(Stored data)
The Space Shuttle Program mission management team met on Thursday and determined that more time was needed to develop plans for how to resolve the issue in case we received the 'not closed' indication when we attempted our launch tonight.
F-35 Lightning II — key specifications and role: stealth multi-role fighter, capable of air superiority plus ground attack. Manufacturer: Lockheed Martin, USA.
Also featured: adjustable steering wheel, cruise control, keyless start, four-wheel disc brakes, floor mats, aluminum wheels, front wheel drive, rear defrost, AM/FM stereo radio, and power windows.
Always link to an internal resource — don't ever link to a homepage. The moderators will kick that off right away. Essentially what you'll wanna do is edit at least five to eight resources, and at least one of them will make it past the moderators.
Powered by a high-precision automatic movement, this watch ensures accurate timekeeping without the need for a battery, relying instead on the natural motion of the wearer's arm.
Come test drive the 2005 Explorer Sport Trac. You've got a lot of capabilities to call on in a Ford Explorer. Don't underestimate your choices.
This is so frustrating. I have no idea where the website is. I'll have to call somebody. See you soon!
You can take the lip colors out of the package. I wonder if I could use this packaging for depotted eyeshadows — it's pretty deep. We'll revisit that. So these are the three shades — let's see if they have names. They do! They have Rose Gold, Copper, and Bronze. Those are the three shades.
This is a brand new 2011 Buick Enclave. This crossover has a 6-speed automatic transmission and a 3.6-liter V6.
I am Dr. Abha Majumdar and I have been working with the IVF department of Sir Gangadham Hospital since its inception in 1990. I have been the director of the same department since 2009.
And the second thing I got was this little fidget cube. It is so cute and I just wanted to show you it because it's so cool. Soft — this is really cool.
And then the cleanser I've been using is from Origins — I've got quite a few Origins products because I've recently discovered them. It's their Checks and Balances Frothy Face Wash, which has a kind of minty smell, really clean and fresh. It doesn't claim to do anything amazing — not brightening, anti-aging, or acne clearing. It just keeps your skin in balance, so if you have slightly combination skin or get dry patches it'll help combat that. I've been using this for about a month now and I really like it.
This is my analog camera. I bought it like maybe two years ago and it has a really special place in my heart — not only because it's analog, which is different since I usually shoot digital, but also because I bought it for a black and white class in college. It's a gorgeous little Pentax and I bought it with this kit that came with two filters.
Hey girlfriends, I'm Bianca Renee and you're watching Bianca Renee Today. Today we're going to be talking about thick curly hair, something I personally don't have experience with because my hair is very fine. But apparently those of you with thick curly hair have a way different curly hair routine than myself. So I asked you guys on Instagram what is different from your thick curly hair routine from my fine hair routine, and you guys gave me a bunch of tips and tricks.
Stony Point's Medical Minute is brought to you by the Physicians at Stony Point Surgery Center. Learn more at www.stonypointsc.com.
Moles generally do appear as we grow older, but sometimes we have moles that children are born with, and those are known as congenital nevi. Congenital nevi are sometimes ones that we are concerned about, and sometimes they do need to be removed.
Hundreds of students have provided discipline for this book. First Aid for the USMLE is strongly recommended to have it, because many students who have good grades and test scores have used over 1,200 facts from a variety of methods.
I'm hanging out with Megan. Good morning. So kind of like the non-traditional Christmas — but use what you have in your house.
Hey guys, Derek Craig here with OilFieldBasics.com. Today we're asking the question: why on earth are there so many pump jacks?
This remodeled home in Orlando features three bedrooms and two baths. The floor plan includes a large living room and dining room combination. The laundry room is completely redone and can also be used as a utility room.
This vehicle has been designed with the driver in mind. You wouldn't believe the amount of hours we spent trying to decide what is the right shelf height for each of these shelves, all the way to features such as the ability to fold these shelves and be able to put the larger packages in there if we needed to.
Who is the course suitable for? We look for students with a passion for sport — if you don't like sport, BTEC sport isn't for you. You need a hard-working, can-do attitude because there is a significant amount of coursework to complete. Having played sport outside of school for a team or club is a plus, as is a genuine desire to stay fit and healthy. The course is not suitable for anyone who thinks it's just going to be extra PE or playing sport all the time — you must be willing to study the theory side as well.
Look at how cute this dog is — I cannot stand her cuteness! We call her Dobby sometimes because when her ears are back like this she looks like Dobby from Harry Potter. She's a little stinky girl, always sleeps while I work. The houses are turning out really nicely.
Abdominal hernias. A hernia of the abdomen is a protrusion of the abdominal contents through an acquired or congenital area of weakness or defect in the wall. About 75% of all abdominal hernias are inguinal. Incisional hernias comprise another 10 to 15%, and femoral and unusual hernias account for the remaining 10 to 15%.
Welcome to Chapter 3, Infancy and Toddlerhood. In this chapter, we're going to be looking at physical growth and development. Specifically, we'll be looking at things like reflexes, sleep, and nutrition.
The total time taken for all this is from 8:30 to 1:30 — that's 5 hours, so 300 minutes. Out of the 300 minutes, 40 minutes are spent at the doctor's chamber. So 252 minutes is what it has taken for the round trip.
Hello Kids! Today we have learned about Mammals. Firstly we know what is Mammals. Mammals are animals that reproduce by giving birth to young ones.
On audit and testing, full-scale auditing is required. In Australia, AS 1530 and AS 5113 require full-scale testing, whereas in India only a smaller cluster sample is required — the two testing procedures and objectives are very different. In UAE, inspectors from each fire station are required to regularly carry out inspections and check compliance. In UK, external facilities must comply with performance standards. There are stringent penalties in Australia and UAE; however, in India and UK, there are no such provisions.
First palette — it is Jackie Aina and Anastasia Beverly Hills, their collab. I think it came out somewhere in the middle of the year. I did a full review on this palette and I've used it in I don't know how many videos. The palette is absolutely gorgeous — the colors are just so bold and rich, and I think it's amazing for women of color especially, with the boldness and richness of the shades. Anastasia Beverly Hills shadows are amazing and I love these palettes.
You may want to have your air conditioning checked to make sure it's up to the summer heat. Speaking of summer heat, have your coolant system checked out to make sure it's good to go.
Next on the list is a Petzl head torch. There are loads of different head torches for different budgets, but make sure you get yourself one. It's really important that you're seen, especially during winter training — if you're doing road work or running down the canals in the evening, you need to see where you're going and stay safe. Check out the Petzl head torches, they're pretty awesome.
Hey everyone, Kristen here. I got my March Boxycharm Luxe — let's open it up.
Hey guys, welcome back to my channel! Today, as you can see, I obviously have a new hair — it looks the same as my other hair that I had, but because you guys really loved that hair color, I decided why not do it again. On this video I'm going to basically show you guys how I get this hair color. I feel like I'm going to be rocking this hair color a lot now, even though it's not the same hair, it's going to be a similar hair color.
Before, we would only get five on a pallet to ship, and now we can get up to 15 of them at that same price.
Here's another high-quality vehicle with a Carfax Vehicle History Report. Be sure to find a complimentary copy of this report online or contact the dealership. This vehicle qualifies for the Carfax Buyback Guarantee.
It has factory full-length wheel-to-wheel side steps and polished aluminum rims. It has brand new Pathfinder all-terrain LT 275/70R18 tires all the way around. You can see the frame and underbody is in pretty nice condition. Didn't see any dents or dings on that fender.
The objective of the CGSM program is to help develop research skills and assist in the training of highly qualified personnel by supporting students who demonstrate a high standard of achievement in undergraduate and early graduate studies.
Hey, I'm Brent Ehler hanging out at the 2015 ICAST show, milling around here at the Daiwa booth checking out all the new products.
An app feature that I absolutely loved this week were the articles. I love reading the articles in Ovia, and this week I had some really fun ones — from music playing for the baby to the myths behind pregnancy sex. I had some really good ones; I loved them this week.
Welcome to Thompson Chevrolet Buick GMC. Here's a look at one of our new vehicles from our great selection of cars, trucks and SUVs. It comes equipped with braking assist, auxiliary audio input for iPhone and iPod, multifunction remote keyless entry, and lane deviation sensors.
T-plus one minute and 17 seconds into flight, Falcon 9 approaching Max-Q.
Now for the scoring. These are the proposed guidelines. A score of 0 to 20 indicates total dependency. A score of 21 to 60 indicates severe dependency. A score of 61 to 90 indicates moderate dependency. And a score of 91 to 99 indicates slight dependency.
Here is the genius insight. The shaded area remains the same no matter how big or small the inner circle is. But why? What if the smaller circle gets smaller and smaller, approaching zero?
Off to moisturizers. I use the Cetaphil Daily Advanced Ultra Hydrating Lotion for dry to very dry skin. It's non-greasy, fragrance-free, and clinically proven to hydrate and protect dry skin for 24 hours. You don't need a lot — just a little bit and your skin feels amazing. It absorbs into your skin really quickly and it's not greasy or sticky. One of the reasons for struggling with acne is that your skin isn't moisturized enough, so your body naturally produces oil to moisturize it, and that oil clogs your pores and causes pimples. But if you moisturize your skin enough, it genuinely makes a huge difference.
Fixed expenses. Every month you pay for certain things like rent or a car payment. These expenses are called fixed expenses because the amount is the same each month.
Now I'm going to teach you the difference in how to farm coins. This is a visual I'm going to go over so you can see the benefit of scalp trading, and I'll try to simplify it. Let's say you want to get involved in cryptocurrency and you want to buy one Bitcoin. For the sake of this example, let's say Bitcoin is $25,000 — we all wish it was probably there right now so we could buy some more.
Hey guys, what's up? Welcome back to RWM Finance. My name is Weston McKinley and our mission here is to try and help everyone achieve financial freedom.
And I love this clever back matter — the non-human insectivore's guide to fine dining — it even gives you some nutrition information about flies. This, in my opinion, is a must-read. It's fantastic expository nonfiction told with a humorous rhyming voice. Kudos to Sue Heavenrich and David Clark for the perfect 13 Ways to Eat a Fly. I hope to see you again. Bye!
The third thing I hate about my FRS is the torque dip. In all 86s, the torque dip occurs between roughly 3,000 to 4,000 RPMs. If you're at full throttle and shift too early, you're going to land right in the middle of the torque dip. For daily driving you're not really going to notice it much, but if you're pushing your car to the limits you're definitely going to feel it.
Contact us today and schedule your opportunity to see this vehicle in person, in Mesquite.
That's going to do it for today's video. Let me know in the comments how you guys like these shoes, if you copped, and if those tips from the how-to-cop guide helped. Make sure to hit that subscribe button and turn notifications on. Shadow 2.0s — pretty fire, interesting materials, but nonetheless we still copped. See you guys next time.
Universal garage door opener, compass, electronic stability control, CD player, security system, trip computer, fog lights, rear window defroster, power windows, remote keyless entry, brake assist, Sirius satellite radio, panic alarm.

■ Exercise aim: Copy out only the lines above from the one with "Hundreds of students" to the one with "Abdominal hernias. A", inclusive, exactly as they stand.

■ Result below:
Hundreds of students have provided discipline for this book. First Aid for the USMLE is strongly recommended to have it, because many students who have good grades and test scores have used over 1,200 facts from a variety of methods.
I'm hanging out with Megan. Good morning. So kind of like the non-traditional Christmas — but use what you have in your house.
Hey guys, Derek Craig here with OilFieldBasics.com. Today we're asking the question: why on earth are there so many pump jacks?
This remodeled home in Orlando features three bedrooms and two baths. The floor plan includes a large living room and dining room combination. The laundry room is completely redone and can also be used as a utility room.
This vehicle has been designed with the driver in mind. You wouldn't believe the amount of hours we spent trying to decide what is the right shelf height for each of these shelves, all the way to features such as the ability to fold these shelves and be able to put the larger packages in there if we needed to.
Who is the course suitable for? We look for students with a passion for sport — if you don't like sport, BTEC sport isn't for you. You need a hard-working, can-do attitude because there is a significant amount of coursework to complete. Having played sport outside of school for a team or club is a plus, as is a genuine desire to stay fit and healthy. The course is not suitable for anyone who thinks it's just going to be extra PE or playing sport all the time — you must be willing to study the theory side as well.
Look at how cute this dog is — I cannot stand her cuteness! We call her Dobby sometimes because when her ears are back like this she looks like Dobby from Harry Potter. She's a little stinky girl, always sleeps while I work. The houses are turning out really nicely.
Abdominal hernias. A hernia of the abdomen is a protrusion of the abdominal contents through an acquired or congenital area of weakness or defect in the wall. About 75% of all abdominal hernias are inguinal. Incisional hernias comprise another 10 to 15%, and femoral and unusual hernias account for the remaining 10 to 15%.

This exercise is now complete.